==== Provided material ====

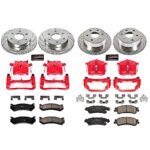 Powerstop 4-Wheel Set Power Stop&reg; KC2010A Front and Rear Z23 Daily Carbon-Fiber Ceramic Brake Pad, Drilled & Slotted Rotor and Caliper Kit - Image 4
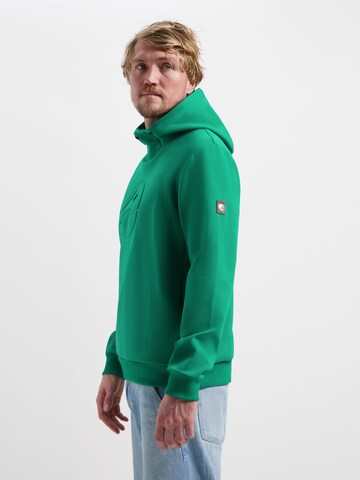 Travelin Sweatshirt 'Ivar' in Groen: voorkant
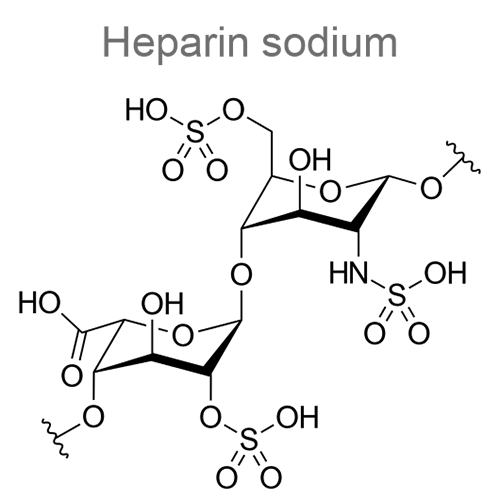 Структурная формула Гепарин натрия + Преднизолон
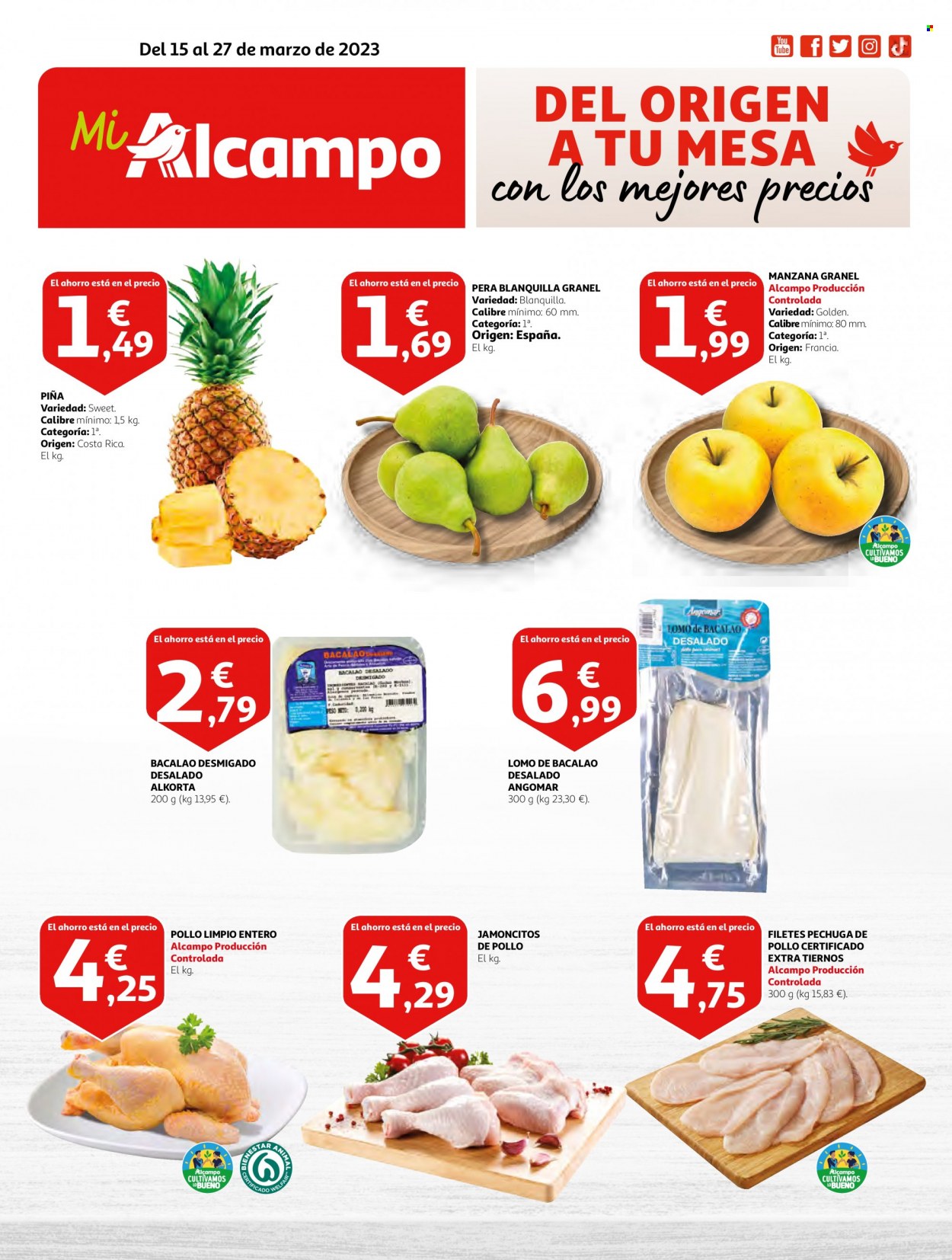 Folleto Alcampo - 15/03/23 - 27/03/23. Página 1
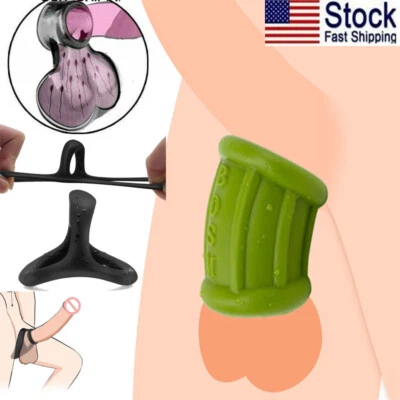 Maca esférica anel testículo escroto pênis estilingue bola maca realçador - Imagem 1 de 4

====

Your task is to transcribe exactly the lines from the one containing "Folleto Alcampo - 15/03/23" through the final line of the entries above, pictures excluded.

• Result of this exercise:
 Folleto Alcampo - 15/03/23 - 27/03/23. Página 1
 Maca esférica anel testículo escroto pênis estilingue bola maca realçador - Imagem 1 de 4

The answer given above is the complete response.